→ **Exercise**: Instruction for the data below: set down exactly the lines from the line with "The red cells seem" to the line with "I use this texturometer", inclusive, and no others.
::: Listed records :::
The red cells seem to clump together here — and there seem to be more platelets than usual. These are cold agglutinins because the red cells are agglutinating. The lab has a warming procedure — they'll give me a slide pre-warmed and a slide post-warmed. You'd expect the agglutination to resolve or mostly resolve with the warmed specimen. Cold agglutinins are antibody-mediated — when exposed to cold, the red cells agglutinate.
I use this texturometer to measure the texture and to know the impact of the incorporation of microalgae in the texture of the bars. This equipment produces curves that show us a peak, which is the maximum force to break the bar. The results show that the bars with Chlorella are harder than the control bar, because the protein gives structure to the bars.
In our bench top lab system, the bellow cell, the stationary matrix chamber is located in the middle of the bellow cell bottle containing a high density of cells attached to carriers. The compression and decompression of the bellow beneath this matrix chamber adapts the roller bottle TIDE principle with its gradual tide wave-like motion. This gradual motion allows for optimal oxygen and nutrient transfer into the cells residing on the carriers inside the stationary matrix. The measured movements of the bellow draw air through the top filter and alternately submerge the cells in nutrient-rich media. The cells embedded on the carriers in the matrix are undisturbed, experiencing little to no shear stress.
:::
::: Listed records :::
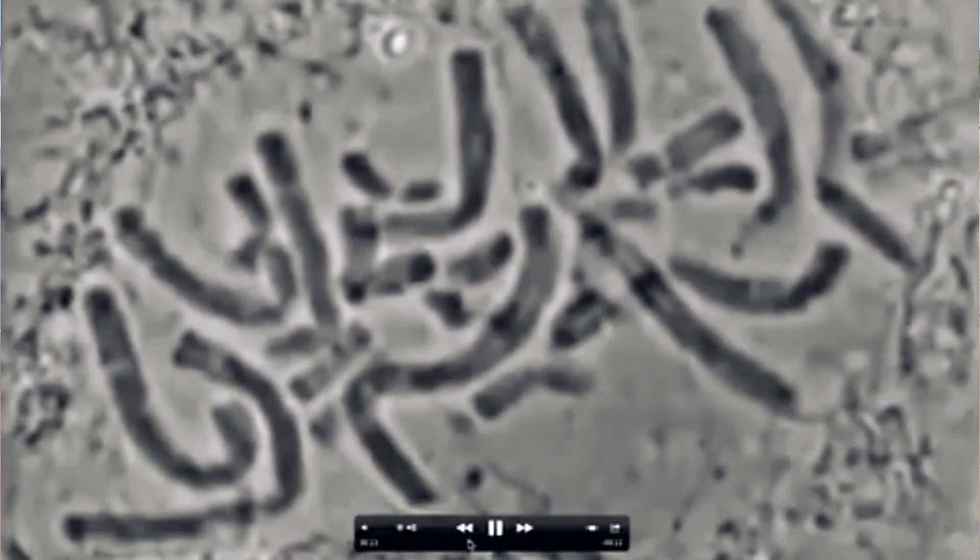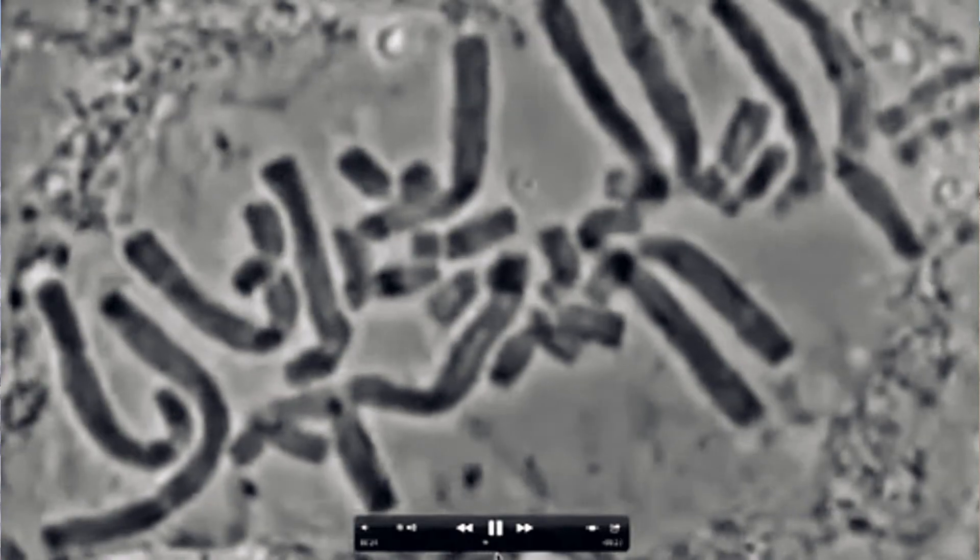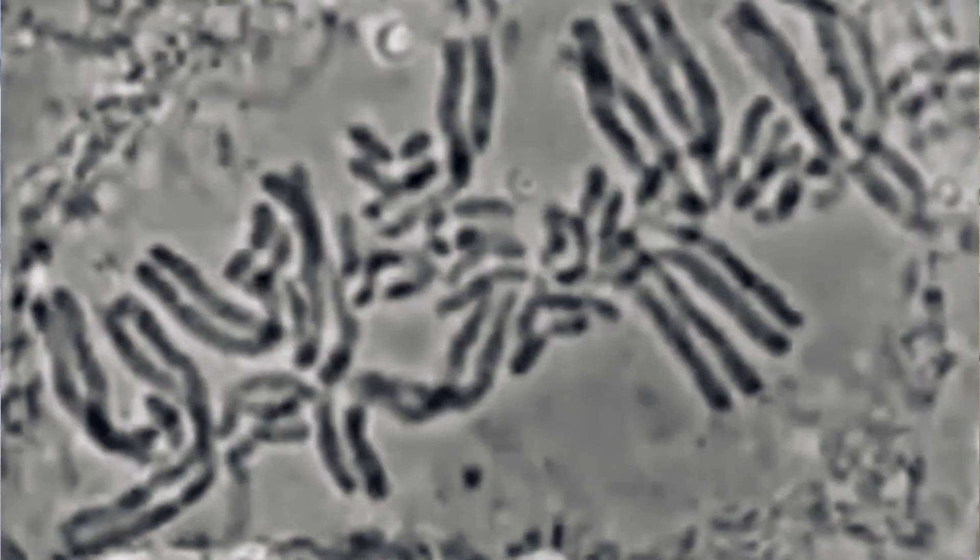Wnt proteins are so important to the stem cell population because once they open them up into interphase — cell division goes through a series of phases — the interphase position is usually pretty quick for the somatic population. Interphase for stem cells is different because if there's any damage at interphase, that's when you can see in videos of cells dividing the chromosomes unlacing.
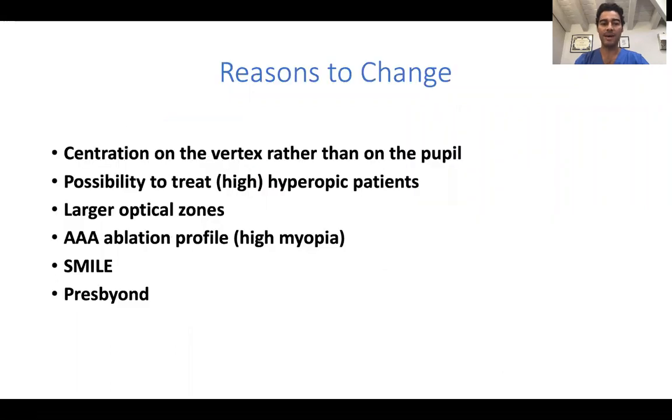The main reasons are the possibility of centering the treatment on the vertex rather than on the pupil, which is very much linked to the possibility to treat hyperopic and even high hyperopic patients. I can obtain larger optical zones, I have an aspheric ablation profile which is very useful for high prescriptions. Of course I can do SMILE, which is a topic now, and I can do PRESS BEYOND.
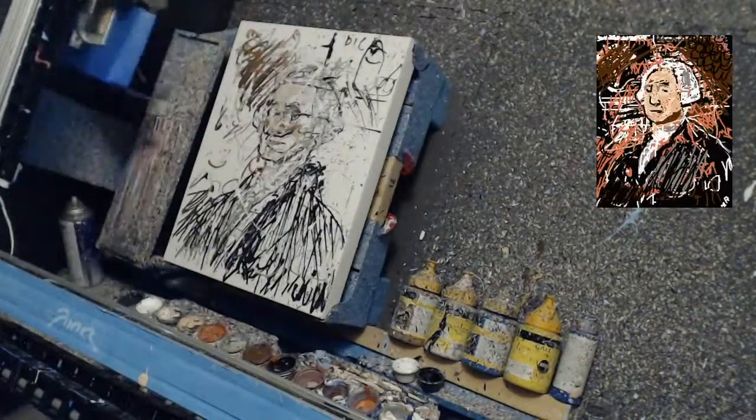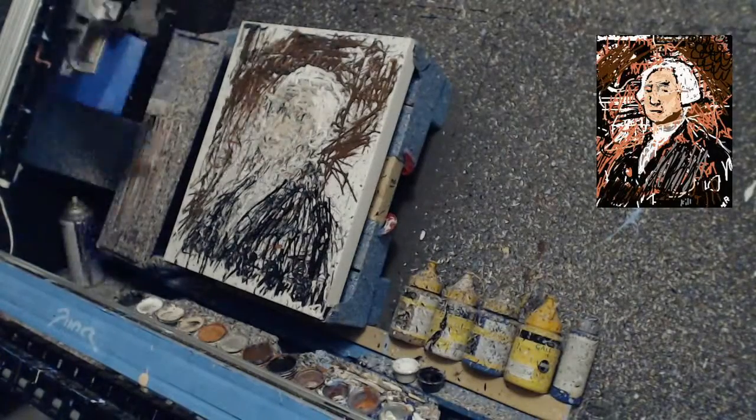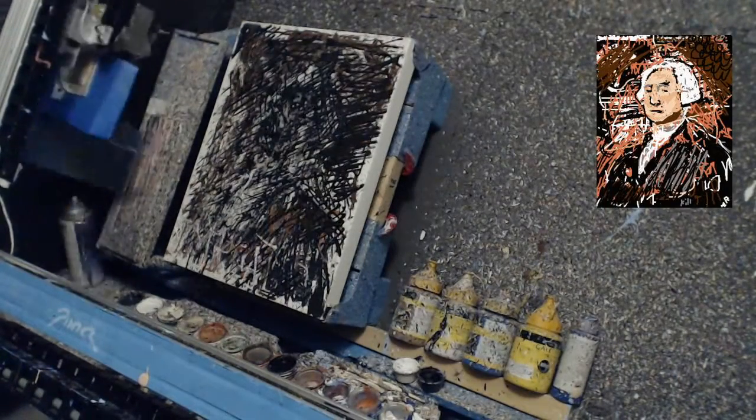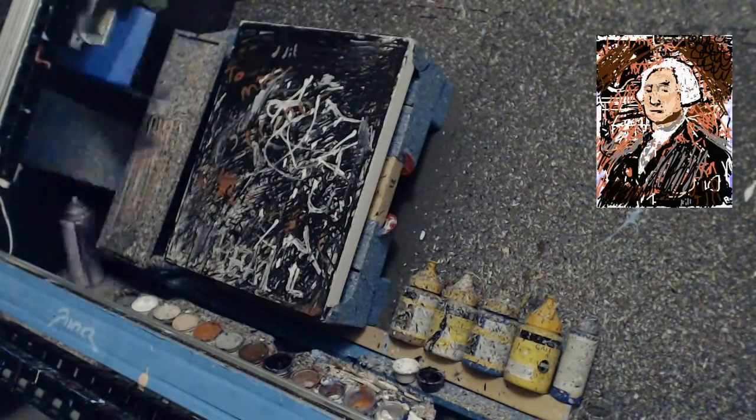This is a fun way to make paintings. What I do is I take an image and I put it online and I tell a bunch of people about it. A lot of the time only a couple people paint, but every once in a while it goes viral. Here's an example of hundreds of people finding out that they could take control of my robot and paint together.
:::
::: Listed records :::
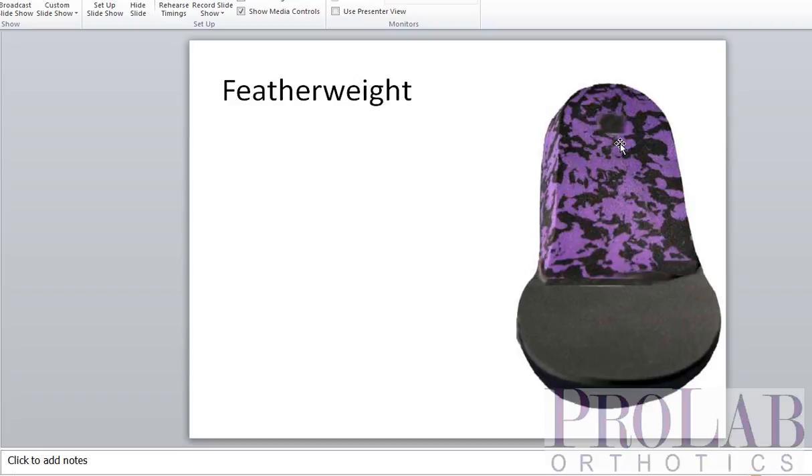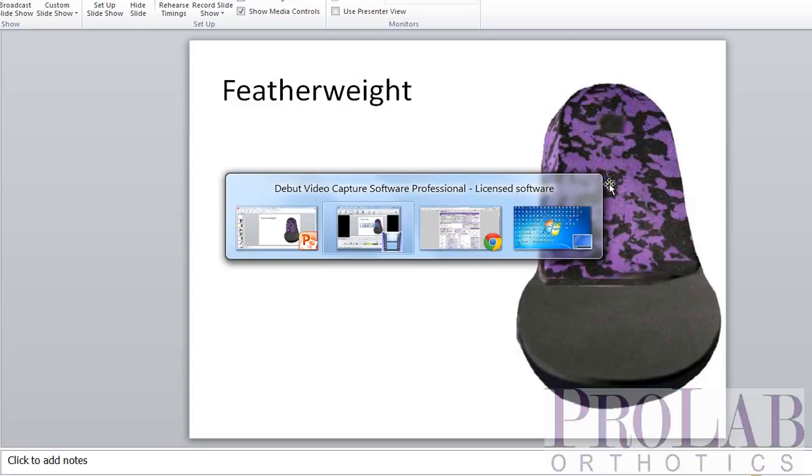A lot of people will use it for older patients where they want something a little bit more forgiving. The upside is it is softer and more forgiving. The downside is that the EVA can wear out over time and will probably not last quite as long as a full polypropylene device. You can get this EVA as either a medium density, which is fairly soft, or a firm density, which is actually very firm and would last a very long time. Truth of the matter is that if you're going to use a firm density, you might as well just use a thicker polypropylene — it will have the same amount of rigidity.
:::
→ **Your solution**:
The red cells seem to clump together here — and there seem to be more platelets than usual. These are cold agglutinins because the red cells are agglutinating. The lab has a warming procedure — they'll give me a slide pre-warmed and a slide post-warmed. You'd expect the agglutination to resolve or mostly resolve with the warmed specimen. Cold agglutinins are antibody-mediated — when exposed to cold, the red cells agglutinate.
I use this texturometer to measure the texture and to know the impact of the incorporation of microalgae in the texture of the bars. This equipment produces curves that show us a peak, which is the maximum force to break the bar. The results show that the bars with Chlorella are harder than the control bar, because the protein gives structure to the bars.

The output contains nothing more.